A Kolmogorov High Order Deep Neural Network for High Frequency Partial Differential Equations in High Dimensions
Yaqin Zhang, Ke Li, Zhipeng Chang, Xuejiao Liu, Yunqing Huang, Xueshuang Xiang
TL;DR
This paper tackles the curse of dimensionality in solving high-frequency PDEs by marrying the high-order one-dimensional approximation of HOrderDNN with the Kolmogorov Superposition Theorem. The resulting K-HOrderDNN approximates multivariate functions via univariate inner functions and a univariate outer function, reducing parameter growth from $(p+1)^d$ to $(p+1)d$ while preserving, and often enhancing, accuracy for high-dimensional, high-frequency problems.

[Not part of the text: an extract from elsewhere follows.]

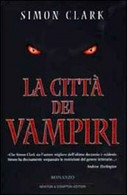 LA CITTA' DEI VAMPIRI NARRATIVA STRANIERA PRIMA EDIZIONE  SIMON CLARK - Sci-Fi & Fantasy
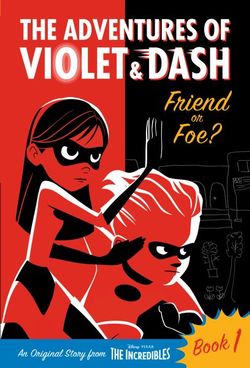 The Adventures of Violet and Dash: Friend or Foe? (Disney/Pixar the Incredibles 2)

Theoretical results show CoD avoidance for a dense subset of continuous functions, with explicit rates depending on the inner/outer approximations, and numerical experiments demonstrate superior performance over PINN and HOrderDNN across Poisson and Helmholtz equations in dimensions up to $d=50$. The approach offers faster convergence, better frequency handling, and scalable parameter counts, suggesting strong practical impact for high-dimensional PDE solvers in scientific computing. Future work aims to extend to more complex PDEs and improve sampling strategies to further enhance performance and robustness.
Abstract
This paper proposes a Kolmogorov high order deep neural network (K-HOrderDNN) for solving high-dimensional partial differential equations (PDEs), which improves the high order deep neural networks (HOrderDNNs). HOrderDNNs have been demonstrated to outperform conventional DNNs for high frequency problems by introducing a nonlinear transformation layer consisting of $(p+1)^d$ basis functions. However, the number of basis functions grows exponentially with the dimension $d$, which results in the curse of dimensionality (CoD). Inspired by the Kolmogorov superposition theorem (KST), which expresses a multivariate function as superpositions of univariate functions and addition, K-HOrderDNN utilizes a HOrderDNN to efficiently approximate univariate inner functions instead of directly approximating the multivariate function, reducing the number of introduced basis functions to $d(p+1)$. We theoretically demonstrate that CoD is mitigated when target functions belong to a dense subset of continuous multivariate functions. Extensive numerical experiments show that: for high-dimensional problems ($d$=10, 20, 50) where HOrderDNNs($p>1$) are intractable, K-HOrderDNNs($p>1$) exhibit remarkable performance. Specifically, when $d=10$, K-HOrderDNN($p=7$) achieves an error of 4.40E-03, two orders of magnitude lower than that of HOrderDNN($p=1$) (see Table 10); for high frequency problems, K-HOrderDNNs($p>1$) can achieve higher accuracy with fewer parameters and faster convergence rates compared to HOrderDNNs (see Table 8).